Feuilleton de l'été
Feuilleton de l'été
Série d'été : Ils et elles vont construire le monde d'après - Abeba Negga
Elle a la voix douce, jamais un mot plus haut que l’autre. Elle a à peine trente ans. Elle s’apprête à passer ses vacances à vélo en Bretagne. Mais Abeba Negga s’impose déjà dans le monde très feutré et à la fois impitoyable du droit des affaires qu’elle pratique comme avocate au sein du cabinet Perchet Rontchevsky, créé par Christophe Perchet. Auparavant Abeba Negga a exercé pendant quatre ans au sein du cabinet Davis Polk & Wardwell où elle a développé une expertise en droit des sociétés ainsi qu’en matière de réglementation boursière et de gouvernance et où elle a rencontré Christophe Perchet.
Abeba Negga, dont le nom intrigue, car elle est née en France d’un père éthiopien, exilé politique, et d’une mère française, n’a pas perdu de temps. Elle a d’abord obtenu un Master 2 de droit des affaires et de fiscalité à l’Université Paris I Panthéon-Sorbonne en 2013. Puis elle a été diplômée de la prestigieuse Université de Berkeley en 2016. Si bien qu’elle est aujourd’hui avocate, à la fois au barreau de Paris et au barreau de New York.

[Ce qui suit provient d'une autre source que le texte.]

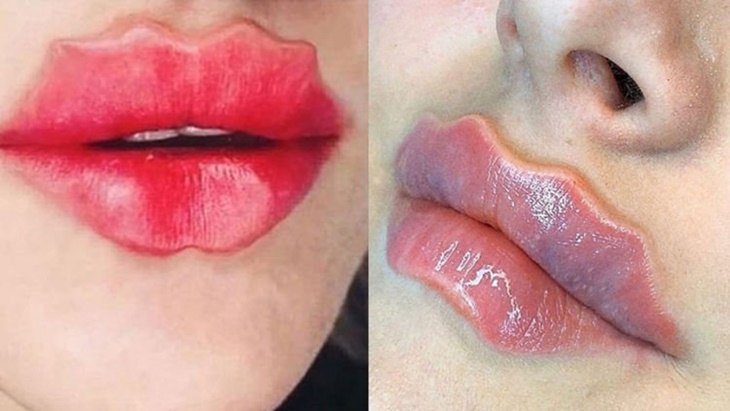 Tren 'Devil Lips', Cantik Atau Mengerikan?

De retour en France, elle est embauchée par le cabinet américain Davis Polk, dont le bureau parisien est mené par le ténor du barreau Georges Terrier. Elle est tout de suite plongée dans des opérations majeures comme la fusion entre Technip et l’américain FMC, ou bien la cession de The Body Shop par L’Oréal. Au sein de ce cabinet, elle goûte le fait d’être à la fois une juriste, mais aussi d’être au contact direct des clients. Car son métier d’avocate, elle ne le conçoit pas comme une juriste rédigeant des conclusions ou des avis remplis de cas de jurisprudence. Ce qu’elle apprécie avant tout, c’est d’accompagner les entreprises dans le choix des différentes options qui leur sont ouvertes par le droit.
Elle s’est notamment retrouvée, aux côtés de Georges Terrier et Christophe Perchet, en première ligne dans plusieurs dossiers sensibles de gouvernance d’entreprise, avec pour tâche délicate de conseiller et assister les dirigeants et administrateurs dans la gestion de situations inédites, voire de véritables crises.

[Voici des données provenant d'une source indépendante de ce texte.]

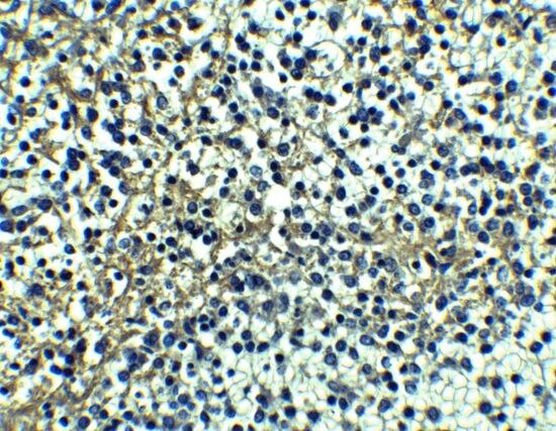 DR4 Antibody in Immunohistochemistry (Paraffin) (IHC (P))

Lorsque Christophe Perchet et Nicolas Rontchevsky ont décidé de créer Perchet Rontchevsky & Associés en début d’année, elle a suivi son mentor, avec l’ambition de vite devenir associée au sein de ce cabinet indépendant dédié aux entreprises, dirigeants et investisseurs et spécialisé dans les opérations stratégiques, les questions de gouvernance et les contentieux complexes. Avec une expertise particulière en droit boursier et toujours ce désir d’être plus que jamais au contact du client, pour n’être pas seulement une avocate, mais aussi une conseillère. Car c’est dans ce rôle qu’elle trouve son véritable épanouissement, surtout lorsque ses clients deviennent des modèles (féminins) à suivre, à l’instar d’Anne-Laure Kiechel. Dans dix ans, Abeba Negga se voit toujours travailler aux côtés de Christophe Perchet, avec le statut d’associée dans un monde des affaires de plus en plus en proie aux problématiques juridiques internationales.

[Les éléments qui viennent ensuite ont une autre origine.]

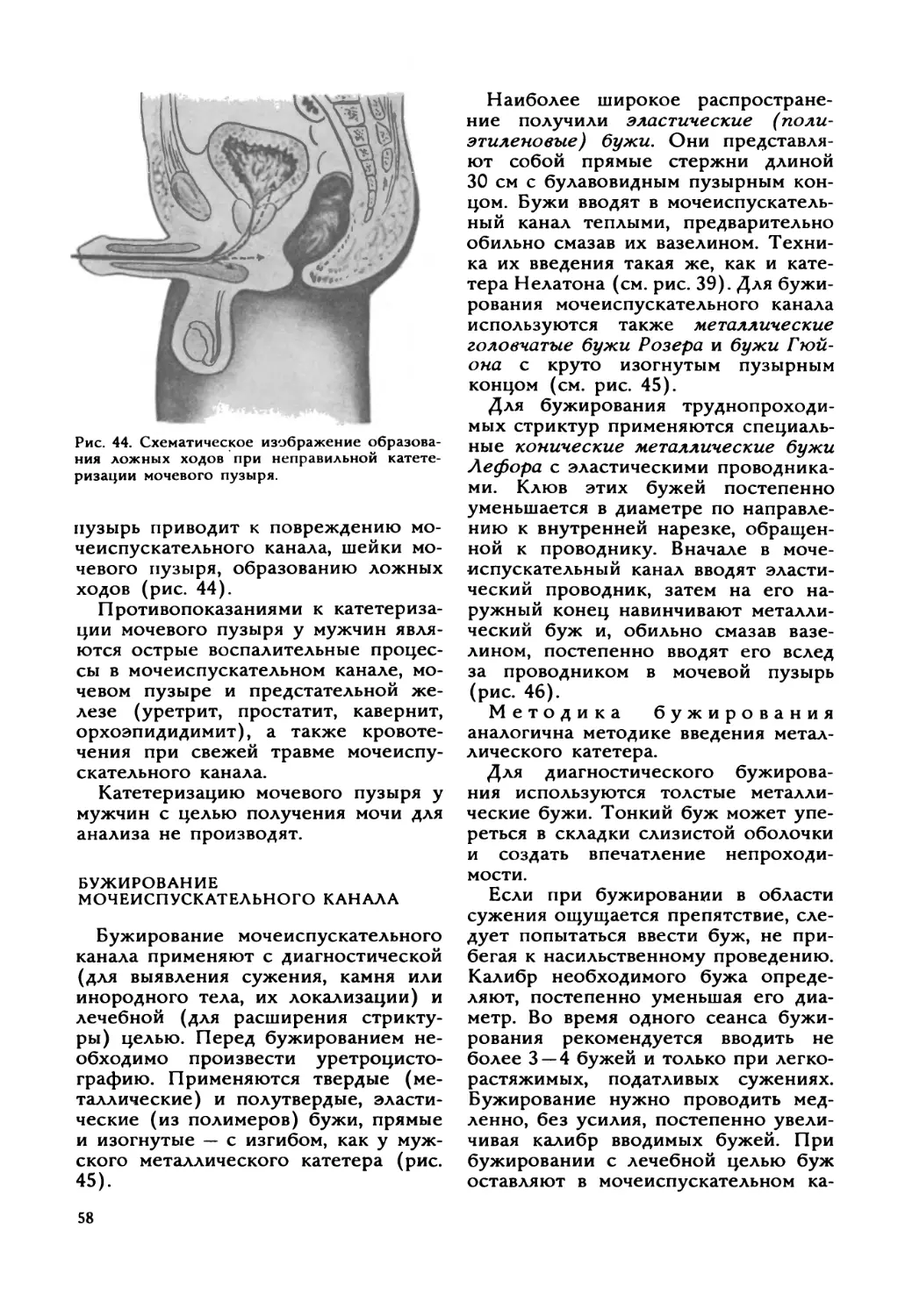 Бужирование мочеиспускательного канала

Quant au "monde d’après", Abeba Negga ne cache pas qu’elle a horreur de cette expression. Car "nous sommes tous et à tous moments, chacun à notre place, responsables de notre futur" affirme-t-elle sans hésiter. C’est ce qui l’amène notamment à donner un peu de son temps libre à La Ruche, un réseau national qui accompagne localement les personnes qui souhaitent entreprendre ou développer leur activité de manière pérenne et responsable, plus particulièrement dans le domaine de l’économie sociale et solidaire.
Et puis Abeba Negga n’oublie pas ses racines éthiopiennes. Son père étant interdit de séjour dans son pays natal, elle s’y est déjà rendue à deux reprises. Fascinée par l’incroyable potentiel économique de ce pays, la richesse de sa civilisation, mais aussi soucieuse de la manière dont la Chine "occupe" petit à petit ce pays qui est devenu sa porte ouverte sur le Continent africain. Nul doute qu’Abeba Negga, dotée de sa jolie force tranquille, va faire parler d’elle dans les années qui viennent. Dans un monde qui ne fait pourtant aucun cadeau à la jeunesse.